Лакей закрыл за ними дверцу, сел на облучок, дождался приказания. Жака, казалось, раздирали противоречивые чувства. Он взял ее руки. Сидели они друг против друга в полутемной карете, окошки которой были закрыты кожаными занавесками, немного защищающими от холода. Изабо не чувствовала беспокойства. Инстинкт волчицы говорил ей, что он не лгал.
— Должен сказать вам, Изабель… Я не опровергаю сложившейся обо мне репутации. Я соблазнитель и не могу отрицать, как я люблю женщин и любовь. Почти так же, как войну. Для меня это что-то вроде игры. Скажу по правде, в мои намерения входило соблазнить вас, поиграть с вами на простынях, на которых я столько раз обещал невозможное другим женщинам. Потом я бы ушел, а вы бы позабыли обо мне или нет. Как и другие, вы увлеклись бы мной, а потом прокляли.
У Изабо было ощущение, что эти слова трудно давались ему, и тем не менее они, казалось, относились к ней. Все это она знала и даже ждала, чтобы он увез ее к себе. Только не знала, желала ли она этого, и потому решила, что все станет ясно в нужный момент. Знала она и то, что он не применит к ней насилие. Она лишь хотела познать другие чувства, отличающиеся от тех, пропитанных ужасом, что хранила ее память.
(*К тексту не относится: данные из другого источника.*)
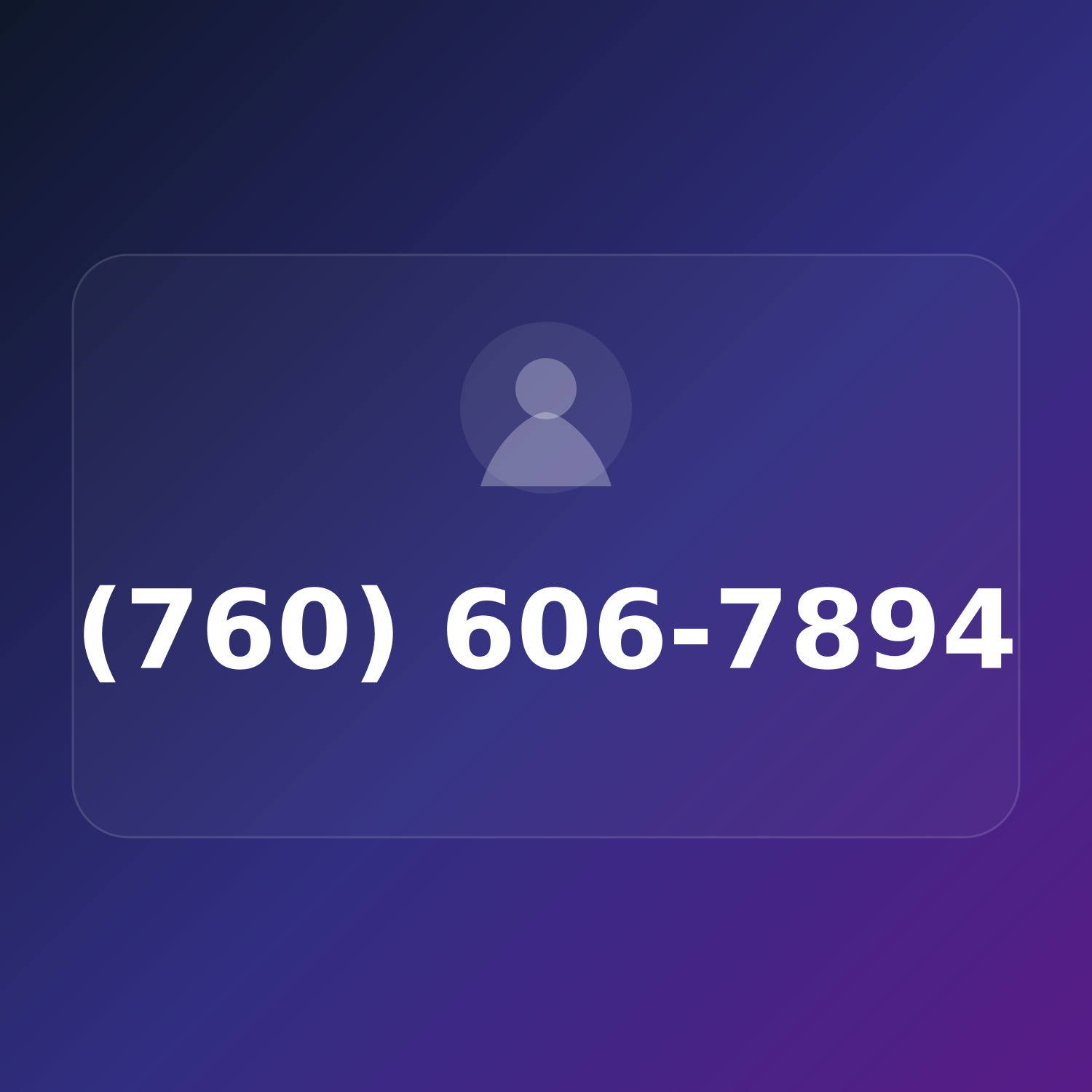 (760) 606-7894 product image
— Это опытный мужчина, — утверждала Рюдегонда, — и ни одна женщина, включая меня, не испытала с ним большего наслаждения.
И все же Изабо подбодрила его:
— Продолжайте, мессир.
— Правда в том, что я не хотел видеть вас отличающейся от других. Но вы именно такая, Изабель. Я не смог бы сказать, в чем состоит это отличие, но оно есть. Когда я обнимал вас, гордясь вашей податливостью, я в то же время проклинал себя, представляя вас в моих объятьях. Мы не поедем ко мне не потому, что я это не жажду, а потому, что люблю вас и хочу это доказать. Вот и все.
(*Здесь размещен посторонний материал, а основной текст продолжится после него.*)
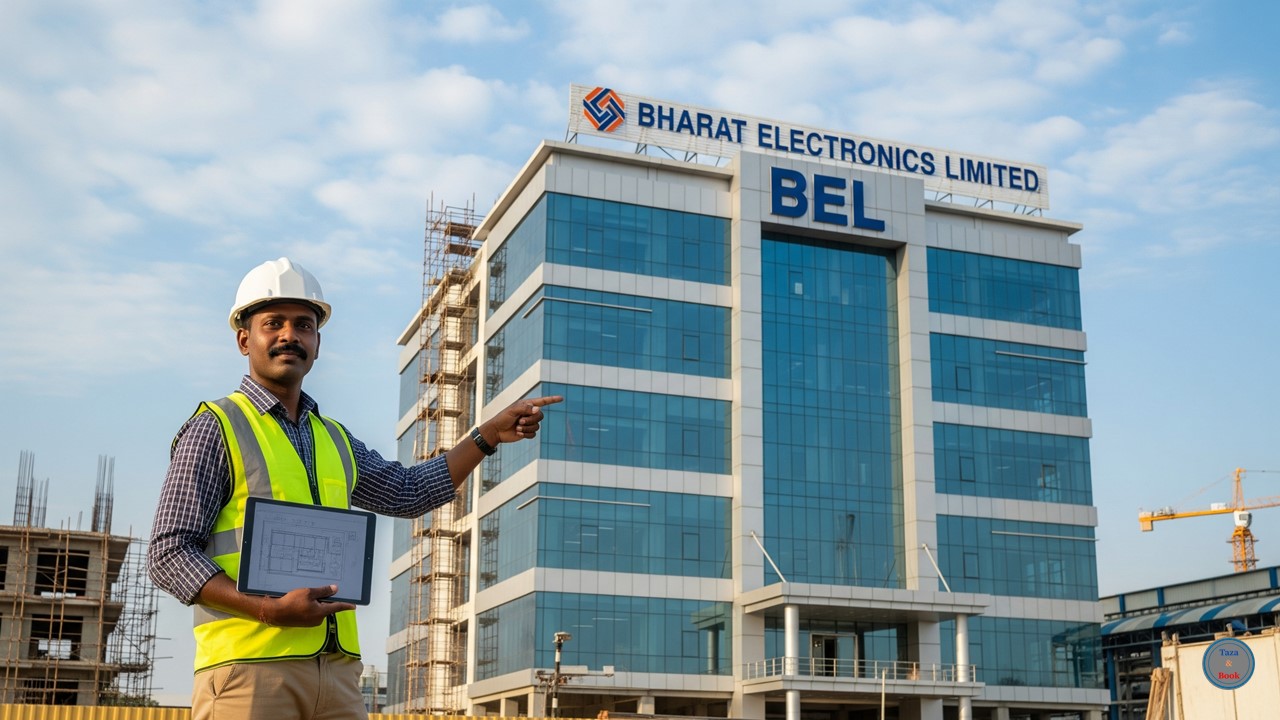 BEL प्रोजेक्ट इंजीनियर भर्ती 2025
Руки его повлажнели, она чувствовала, что ему было не по себе. Но с ней такого не происходило. Напротив, она чувствовала себя вполне уверенно.
— Ваша искренность делает вам честь, мессир. Я бы солгала, сказав, что сердце мое не рвется к вам. Я тоже признаюсь вам, и пусть это явится залогом доверия, которое испытываю к вам. Я ничего не жду от вас, но вы… оживили меня… и поэтому я навсегда ваша.
— Но вы…
— Помолчите, мессир де Ла Палис. Женщине трудно дается такое признание, к тому же обращенное к такому мужчине, как вы. Не будь здесь так темно, не знаю, хватило бы у меня духу довериться вам. До сего дня я не познала мужчину. Я стала вдовой в день моей свадьбы из-за жестокости того, кто меня изнасиловал и унизил.
Она услышала, как он глухо заворчал от ярости — пальцы его сильно сжали ее руку, которую он не выпускал. И все-таки она продолжила, но на этот раз слова ее не принесли ему боли.
— Все что я знаю о любви, это скотство, зверство и побои человека, укравшего у меня счастье и жизнь. С того момента минуло пятнадцать лет. Но траур мой закончился. Благодаря вам в последнюю неделю я почувствовала, что прошлое отныне далеко позади. Оно оставило меня. Вы обязуетесь уважать меня, большего я и не желала. Не знаю, способна ли я вкусить сегодня от плотских радостей, но я согласна на все, потому что люблю вас так, как, думаю, никогда еще не любила.